The Nakba documents that would purportedly damage Israel's reputation, and on which the New Historians based their work in the 1980s, constitute less than 2 percent of all declassified documents in Israel, a tiny fraction by any measure. That, too, is now in the process of being disappeared.9 It is thus not unreasonable to conclude that the next generation of historians will neither be able to access new archival material nor revisit the references of their predecessors—at least in the near and foreseeable future. Scholarly challenges to the hegemonic framing of the conflict as a classic clash between two national movements entrenches the Nakba as a crime against humanity, a portrayal rejected by Israel and its apologists. But in light of the possibility of the complete denial of access in the future, do we today have enough “smoking gun” documents to support the notion of the Nakba as an act of ethnic cleansing and an attempt to effect the “elimination of the Native”?

Palestinian refugees bear witness to the depopulation of Palestine, and they certainly do not need Israel's New Historians to know that they or their forbears were ethnically cleansed—nor do we need archival documents to tell us that hundreds of villages have been destroyed and buried below new Jewish settlements and so-called national forests.

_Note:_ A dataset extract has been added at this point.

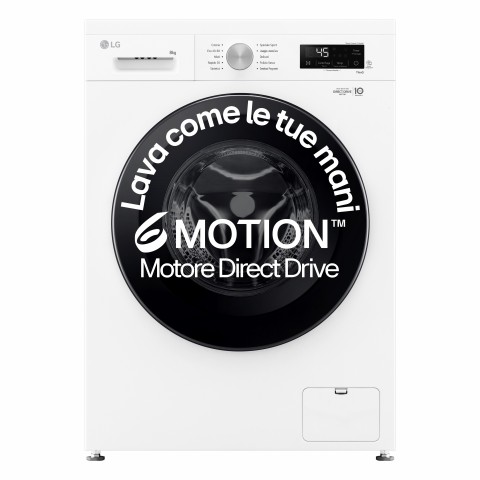 LG F4NX1008NWK Lavatrice smart 8kg, Classe A, 1400 giri, 6 Motion, Allergy Care, Bianca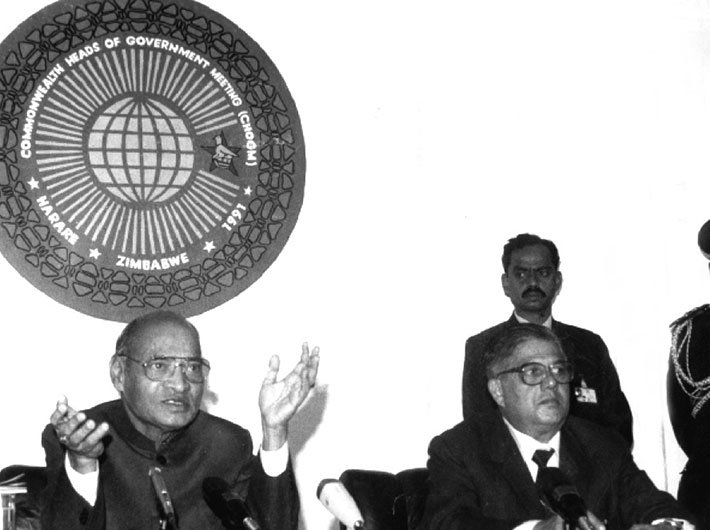 The author with former prime minister PV Narasimha Rao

Palestinian oral history was and remains the principal source for many of the horrific tales of brutality, including war crimes, during the Nakba—even though it took the span of an entire generation for most survivors to be willing or able to share their experiences and memories with researchers. That said, this particular archival material is essential for understanding the contemporary relevance of the 1948 ethnic cleansing, as well as the ideology and motives behind it. It also helps to fill gaps in the oral history descriptions of events as memory becomes less precise with the passage of time.

MISSING MASTER DOCUMENT

As a rule, and in other world contexts, there is no one so-called smoking gun document that maps out mass elimination or calls for, it in so many words—be it the genocide of the Native Americans in North and South America, of the Jews during the Holocaust, or of Rwandans in the contemporary era. Scholars working on genocide often raise the question of intent, on a grand scale, in cases where no “blueprint” can be found. But the absence of a smoking gun document seems to trouble academics more than jurists. As Alex de Waal has poignantly remarked, “While the absence of an ideological schema and transformational blueprint is important for diplomats and genocide scholars, it does not entail lack of guilt in law.”10 De Waal reminds us that the International Criminal Tribunal for Rwanda (the special court set up by the UN Security Council to prosecute those responsible for the Rwandan genocide) established that what happened in Rwanda wasn't a genocide because of the existence of a blueprint but rather “from a number of presumptions of fact, including the general context in which deliberate harm was systematically inflicted on the target group.”11 Commenting on the situation in Sudan's Darfur region, he also makes the case for the occurrence of a crime against humanity on a genocidal scale without the existence of a master plan, something that is relevant not only for describing the Nakba but also for examining the incremental genocide Israel has been carrying out against the Gaza Strip since 2005. “The Sudanese government,” de Waal writes, “planned a counterinsurgency and gave its officers complete impunity to commit atrocities, which they have routinely done on a gross scale and an ethnic basis. This was ethics-free counterinsurgency, escalated to a genocidal extreme.”12

A similar point is made by legal scholar Alexander Zahar writing on the case of Rwanda. Zahar asserts that a master plan is never the sole explanation for the magnitude of a crime such as ethnic cleansing or genocide, emphasizing that the historical context is sometimes as important if not more so: “The Rwandan genocide was a flashpoint—one which now shines much brighter than others—along a path formed by constant conflict, beginning in the region many years ago and continuing to the present.”13 In other words, there is rarely a master document that lays out a careful and systematic plan for the mass murder or expulsion of a certain ethnic or religious group, although Walid Khalidi has demonstrated in the pages of this journal how close Plan D(alet) came to being just such a document.14

The absence of a master plan has led Benny Morris to conclude that the expulsion of the Palestinians was not premeditated or planned and that what occurred in 1948 was merely a matter of à la guerre, comme à la guerre.15 Be that as it may, the existence of a master document does not provide the principal proof for depicting an act as one of genocide or ethnic cleansing. The evidence is in the deed itself, not the documents behind it. But contextualizing the evidence both historically and (ideo)logically helps historians to assess the perpetrators' level of preparation and to expose the role of ideology in the execution of brutal policies of dispossession and destruction. No less important is the fact that such documents from the past can also be used to challenge absurdities like the Trump “peace plan” or other deal-of-the-century-type projects based on the notion that the Palestinian issue can be depoliticized and converted into an economic problem with humanitarian dimensions, thereby accomplishing the political “elimination of the Native” (what the late Baruch Kimmerling called politicide16) and a twenty-first-century version of terra nullius, “a land without a people.”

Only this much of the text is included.